* [EXERCISE DETAILS] How many lines in these records hold the string "Black"? Reply with the number alone.
[[ AVAILABLE RECORDS open ]]
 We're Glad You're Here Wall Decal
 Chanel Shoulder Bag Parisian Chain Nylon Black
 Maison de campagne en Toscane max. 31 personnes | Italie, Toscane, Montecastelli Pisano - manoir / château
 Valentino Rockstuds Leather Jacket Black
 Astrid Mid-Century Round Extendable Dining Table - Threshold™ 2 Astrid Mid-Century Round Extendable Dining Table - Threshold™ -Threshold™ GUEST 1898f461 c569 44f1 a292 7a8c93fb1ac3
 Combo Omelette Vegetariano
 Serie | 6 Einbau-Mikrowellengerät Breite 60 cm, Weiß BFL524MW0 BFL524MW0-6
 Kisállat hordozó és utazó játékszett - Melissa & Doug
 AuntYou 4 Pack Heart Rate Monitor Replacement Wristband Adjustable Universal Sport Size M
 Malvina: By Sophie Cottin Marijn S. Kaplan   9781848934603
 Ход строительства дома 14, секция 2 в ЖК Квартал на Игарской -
[[ AVAILABLE RECORDS closed ]]
[[ AVAILABLE RECORDS open ]]
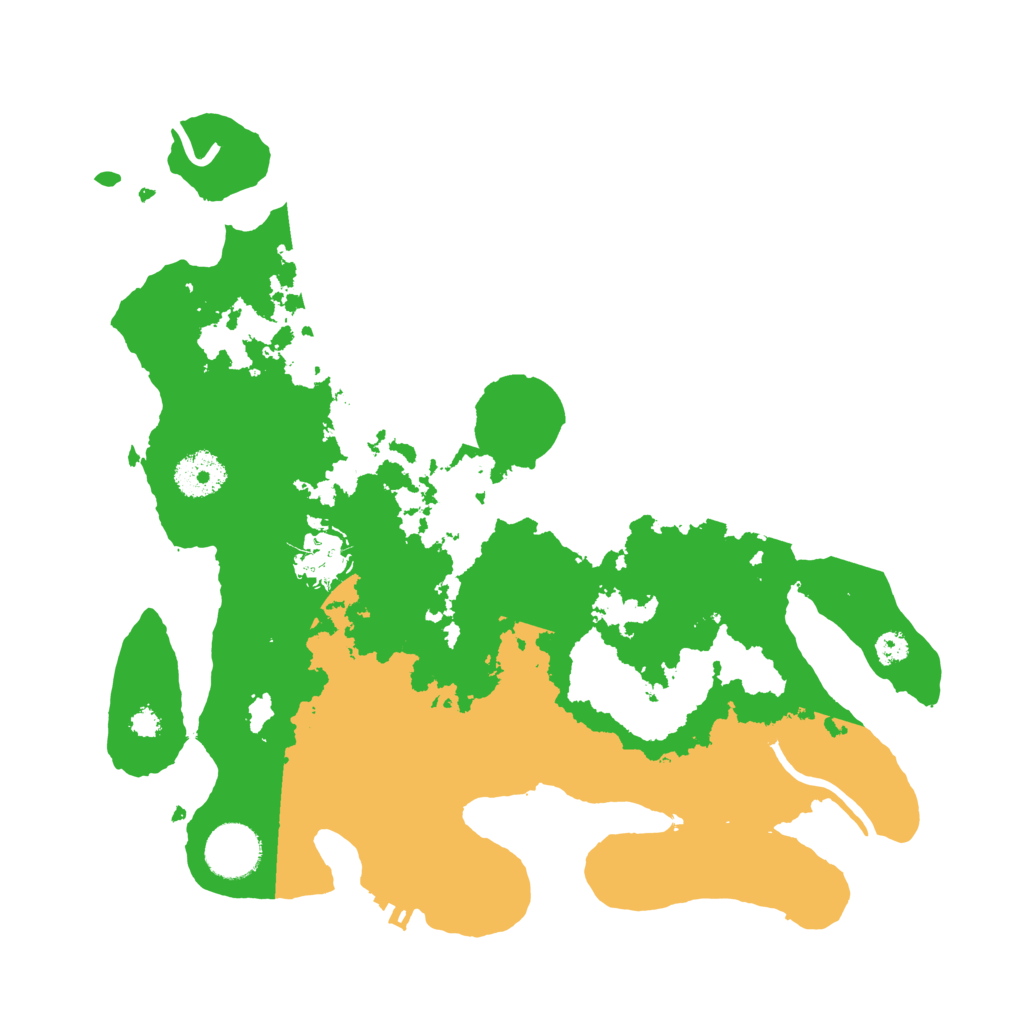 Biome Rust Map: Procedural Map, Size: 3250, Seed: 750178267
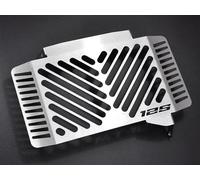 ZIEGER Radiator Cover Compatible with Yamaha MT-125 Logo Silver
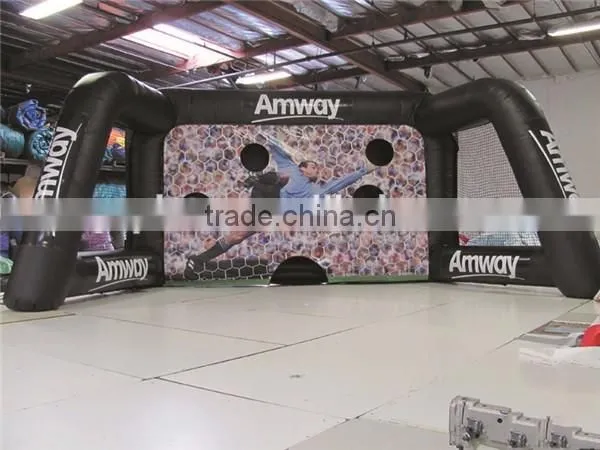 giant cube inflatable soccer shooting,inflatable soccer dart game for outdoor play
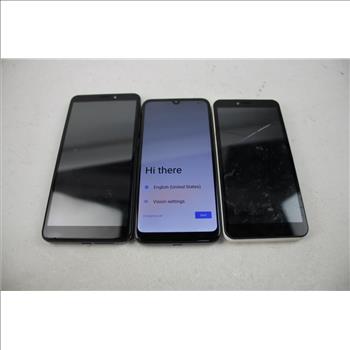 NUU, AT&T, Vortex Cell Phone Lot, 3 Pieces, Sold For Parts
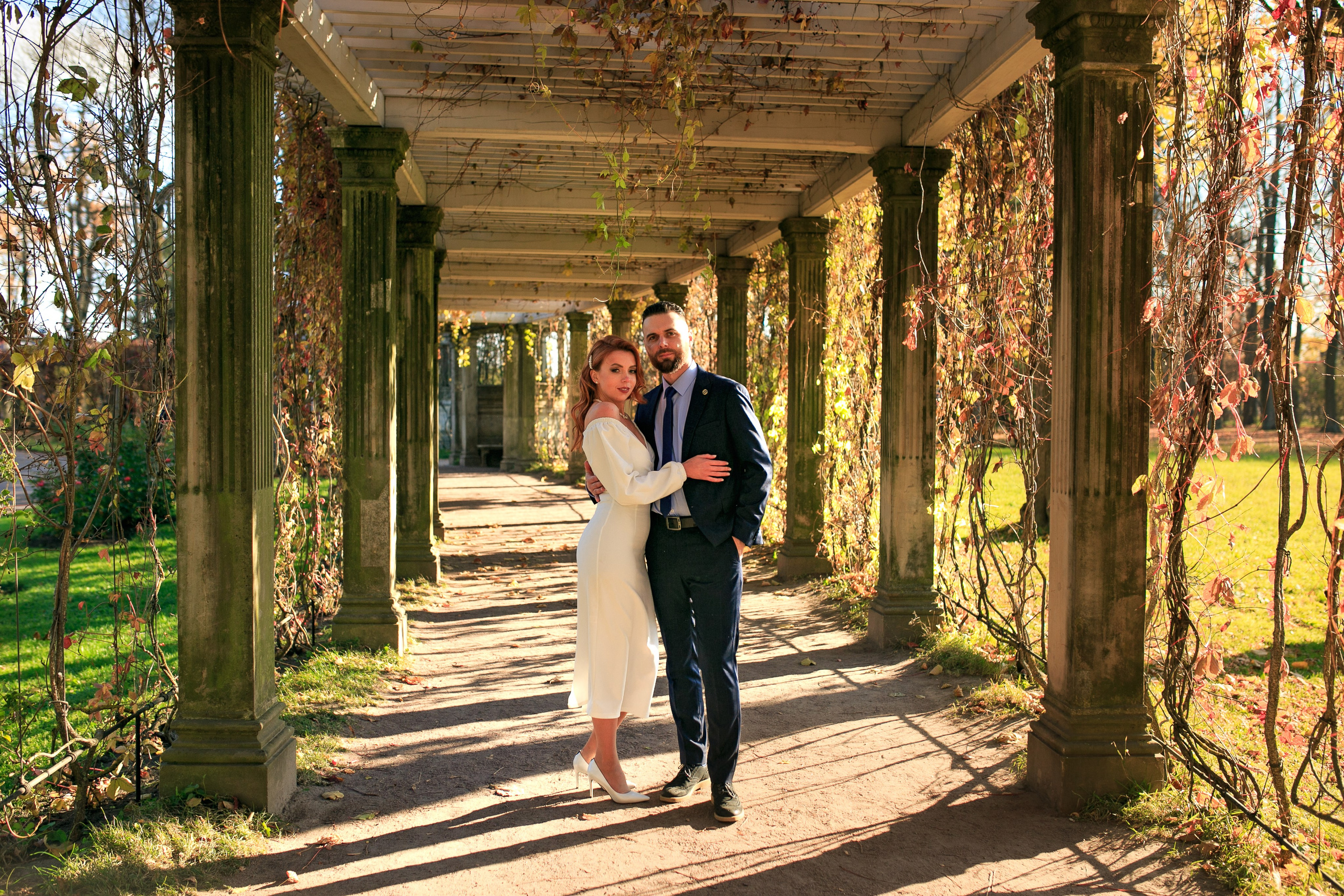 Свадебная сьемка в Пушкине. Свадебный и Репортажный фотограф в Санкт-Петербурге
[[ AVAILABLE RECORDS closed ]]
* [ANSWER BOX] 2